→ Records excerpted from a collection:
________
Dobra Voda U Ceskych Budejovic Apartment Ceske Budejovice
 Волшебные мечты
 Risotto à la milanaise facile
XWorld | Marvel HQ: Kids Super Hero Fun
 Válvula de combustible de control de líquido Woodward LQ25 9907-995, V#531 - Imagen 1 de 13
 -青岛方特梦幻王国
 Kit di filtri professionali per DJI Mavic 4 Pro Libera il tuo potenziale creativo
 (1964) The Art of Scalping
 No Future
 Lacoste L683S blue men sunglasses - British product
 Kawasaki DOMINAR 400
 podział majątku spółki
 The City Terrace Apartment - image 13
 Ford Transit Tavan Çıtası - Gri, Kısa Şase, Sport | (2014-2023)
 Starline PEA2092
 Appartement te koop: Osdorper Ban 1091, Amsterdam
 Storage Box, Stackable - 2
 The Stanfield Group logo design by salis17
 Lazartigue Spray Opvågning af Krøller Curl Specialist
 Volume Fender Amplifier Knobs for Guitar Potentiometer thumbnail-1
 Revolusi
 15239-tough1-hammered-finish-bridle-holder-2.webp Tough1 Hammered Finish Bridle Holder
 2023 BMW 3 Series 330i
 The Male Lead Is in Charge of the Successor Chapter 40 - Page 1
________
Look over the records above and filter for each line with the word "Apartment".

Dobra Voda U Ceskych Budejovic Apartment Ceske Budejovice
 The City Terrace Apartment - image 13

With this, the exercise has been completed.